Many families are struggling to keep fit, especially with jobs and schoolwork increasingly taking place on screens at home. Because of physical distancing requirements, there aren’t as many opportunities for school team sports, and kids doing virtual learning aren’t getting PE classes at school. Think about how a brief walk to the school bus stop a few streets over and even walking between classes counts as daily exercise. Going from your bedroom to your computer hardly comes close as a substitute!
The need to counter the harmful trends of “too much sitting” and not enough active play and exercise becomes even more urgent when you consider that 20 percent of children and teens already were obese before the COVID-19 pandemic started, as reported by the American Academy of Pediatrics.
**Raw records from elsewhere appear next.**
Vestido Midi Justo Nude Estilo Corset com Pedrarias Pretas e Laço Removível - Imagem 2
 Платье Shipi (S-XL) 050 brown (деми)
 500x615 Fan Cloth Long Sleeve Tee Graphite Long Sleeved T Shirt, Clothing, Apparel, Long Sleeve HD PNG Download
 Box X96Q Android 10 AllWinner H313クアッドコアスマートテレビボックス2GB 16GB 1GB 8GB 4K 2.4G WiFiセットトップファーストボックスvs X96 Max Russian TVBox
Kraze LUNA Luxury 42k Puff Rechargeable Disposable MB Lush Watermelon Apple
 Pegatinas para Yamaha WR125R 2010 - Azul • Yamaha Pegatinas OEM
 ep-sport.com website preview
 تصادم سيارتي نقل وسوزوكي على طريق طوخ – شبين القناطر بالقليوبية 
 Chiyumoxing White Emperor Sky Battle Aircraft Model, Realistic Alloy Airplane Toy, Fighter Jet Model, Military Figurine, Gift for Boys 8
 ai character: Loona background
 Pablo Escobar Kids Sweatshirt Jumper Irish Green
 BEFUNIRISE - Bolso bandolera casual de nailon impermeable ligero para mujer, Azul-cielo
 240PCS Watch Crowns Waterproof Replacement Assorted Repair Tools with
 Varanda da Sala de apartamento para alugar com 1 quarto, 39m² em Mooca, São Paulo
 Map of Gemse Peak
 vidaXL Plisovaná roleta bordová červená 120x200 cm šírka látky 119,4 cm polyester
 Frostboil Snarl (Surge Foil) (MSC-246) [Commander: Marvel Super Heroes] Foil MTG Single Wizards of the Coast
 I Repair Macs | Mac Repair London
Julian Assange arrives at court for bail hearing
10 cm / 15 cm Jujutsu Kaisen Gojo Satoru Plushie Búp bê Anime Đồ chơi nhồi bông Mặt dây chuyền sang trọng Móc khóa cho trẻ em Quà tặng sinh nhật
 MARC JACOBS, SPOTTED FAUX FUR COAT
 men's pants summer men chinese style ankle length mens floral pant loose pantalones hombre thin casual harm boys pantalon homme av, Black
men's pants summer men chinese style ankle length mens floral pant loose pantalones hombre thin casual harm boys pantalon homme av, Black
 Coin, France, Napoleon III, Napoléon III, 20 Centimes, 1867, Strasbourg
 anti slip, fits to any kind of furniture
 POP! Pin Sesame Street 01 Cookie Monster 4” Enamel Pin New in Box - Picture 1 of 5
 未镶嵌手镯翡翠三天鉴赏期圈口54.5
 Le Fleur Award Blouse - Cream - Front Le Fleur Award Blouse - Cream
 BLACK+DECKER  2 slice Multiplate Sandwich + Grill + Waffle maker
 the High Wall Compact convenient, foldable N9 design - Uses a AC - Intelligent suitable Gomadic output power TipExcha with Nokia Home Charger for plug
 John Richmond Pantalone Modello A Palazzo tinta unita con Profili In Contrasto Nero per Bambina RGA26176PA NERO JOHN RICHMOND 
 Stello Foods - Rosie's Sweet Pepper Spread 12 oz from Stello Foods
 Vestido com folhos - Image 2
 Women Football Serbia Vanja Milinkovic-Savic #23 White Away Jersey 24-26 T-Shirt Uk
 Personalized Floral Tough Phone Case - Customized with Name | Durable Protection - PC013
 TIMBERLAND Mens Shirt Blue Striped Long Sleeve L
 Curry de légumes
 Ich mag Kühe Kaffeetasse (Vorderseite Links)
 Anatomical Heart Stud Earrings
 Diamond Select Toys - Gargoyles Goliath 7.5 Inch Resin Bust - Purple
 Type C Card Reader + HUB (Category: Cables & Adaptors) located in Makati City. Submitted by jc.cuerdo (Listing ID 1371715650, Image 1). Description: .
Now, virtual school and work have upended regular bedtimes, disrupted mealtimes and increased stress, all of which are taking their toll on children’s health.
How Much Exercise Do Kids Need?
Without school recess and sports, many parents may be unsure how much activity kids need to stay healthy. Children ages 6 to 17 should do 60 minutes or more of moderate to vigorous physical activity every day, according to the Centers for Disease Control and Prevention (CDC). And for more health benefits, there should be variety in activities. Three days a week, that hour of exercise should include activities such as running or jumping to build bone strength. On three other days, kids should focus on building muscles with activities such as climbing or doing push-ups.
Get the Whole Family Involved
If children aren’t getting enough movement, parents and other adult family members probably aren’t, either. Adults may have gained weight as well. Families should tackle fitness goals together. This is where the creativity and fun come in.
As a family, aim to do something physical at least three to four times a week for at least a half-hour, with a variety of activities.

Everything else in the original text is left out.